How to create and install a self-signed certificate on a Windows 2016 Active Directory server to enable LDAPS

Rate this Article
Average: 3.2 (5 votes)

January 4, 2021

Last modified: 04/03/2024, 10:04 am

Knowledge Base Article Tutorial Security HP Anyware Management Console

NOTE:  Self-signed certificates are not inherently secure and should not be used in production environments. Please consult your security infrastructure and security policies before installing a self-signed certificate. This is an example of one method to carry out this procedure. It is recommended to consult with your system administrator or verify with your Active Directory documentation before proceeding. 

 

Steps to create a self signed certificate:

 

  1.  Launch Windows Powershell on the domain controller as an administrator.
  2. Generate a self-signed certificate by running the following command:

    $domain_name = $env:userdnsdomain;

    $dns_name = $env:computername + '.' + $domain_name;
    $date_now = Get-Date;
    $extended_date = $date_now.AddYears(3);

    $mycert=New-SelfSignedCertificate -DnsName $dns_name -CertStoreLocation cert:/LocalMachine/My -NotAfter $extended_date;The $mycert  object contains the generated self-signed certificate which is stored on your system certificate store in the -CertStoreLocation location.

 

Steps to Install the Self Signed Certificate to your Active Directory Server which enables LDAPS:

 

NOTE: This is an example of one method to carry out this procedure. It is recommended to consult with your system administrator or verify with your Active Directory documentation before proceeding. Please consult Microsoft documentation for specific requirements around certificates. Please consult HP Anyware documentation for information on what is supported by HP Anyware products.

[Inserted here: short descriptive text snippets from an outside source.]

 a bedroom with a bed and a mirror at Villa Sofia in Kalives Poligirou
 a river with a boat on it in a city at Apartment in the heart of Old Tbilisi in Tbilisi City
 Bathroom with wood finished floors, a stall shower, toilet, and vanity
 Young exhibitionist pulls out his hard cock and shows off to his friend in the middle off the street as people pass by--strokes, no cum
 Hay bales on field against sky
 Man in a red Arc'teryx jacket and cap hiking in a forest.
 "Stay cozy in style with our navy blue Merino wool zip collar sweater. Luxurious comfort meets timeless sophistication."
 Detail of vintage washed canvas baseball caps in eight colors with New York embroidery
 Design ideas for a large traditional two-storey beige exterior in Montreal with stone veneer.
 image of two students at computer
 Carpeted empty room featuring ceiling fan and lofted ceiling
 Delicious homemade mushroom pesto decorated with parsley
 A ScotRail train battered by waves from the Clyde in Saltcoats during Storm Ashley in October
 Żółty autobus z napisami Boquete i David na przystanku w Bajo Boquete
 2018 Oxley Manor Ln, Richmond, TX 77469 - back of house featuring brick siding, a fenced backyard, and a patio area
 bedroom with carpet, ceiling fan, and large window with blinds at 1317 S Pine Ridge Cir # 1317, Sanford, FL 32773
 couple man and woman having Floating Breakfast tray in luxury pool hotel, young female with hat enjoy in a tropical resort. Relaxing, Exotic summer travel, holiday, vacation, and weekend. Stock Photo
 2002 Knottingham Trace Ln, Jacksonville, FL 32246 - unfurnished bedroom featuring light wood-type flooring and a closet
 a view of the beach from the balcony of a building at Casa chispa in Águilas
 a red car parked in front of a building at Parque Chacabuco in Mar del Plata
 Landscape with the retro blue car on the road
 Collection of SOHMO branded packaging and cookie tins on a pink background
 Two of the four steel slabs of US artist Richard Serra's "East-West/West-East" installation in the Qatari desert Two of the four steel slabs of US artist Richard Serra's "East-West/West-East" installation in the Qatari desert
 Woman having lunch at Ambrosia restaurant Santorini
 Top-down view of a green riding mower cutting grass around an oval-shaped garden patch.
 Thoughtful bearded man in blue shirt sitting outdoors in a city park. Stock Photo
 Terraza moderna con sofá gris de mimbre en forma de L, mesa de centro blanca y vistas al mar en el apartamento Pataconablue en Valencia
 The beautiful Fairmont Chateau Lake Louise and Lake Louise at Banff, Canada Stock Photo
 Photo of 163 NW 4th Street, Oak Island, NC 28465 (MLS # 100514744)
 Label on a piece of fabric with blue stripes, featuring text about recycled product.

  1.  Launch Windows Powershell on the domain controller as an administrator.
  2.  Run the following command to install your certificate and configure LDAPS:

$thumbprint=($mycert.Thumbprint | Out-String).Trim();$certStoreLoc='HKLM:/Software/Microsoft/Cryptography/Services/NTDS/SystemCertificates/My/Certificates';
if (!(Test-Path $certStoreLoc)){New-Item $certStoreLoc -Force;};
Copy-Item -Path HKLM:/Software/Microsoft/SystemCertificates/My/Certificates/$thumbprint -Destination $certStoreLoc;
NOTE: The default Active Directory Service instance is NTDS. If your service instance is not the default service, you need to change NTDS to the service instance name.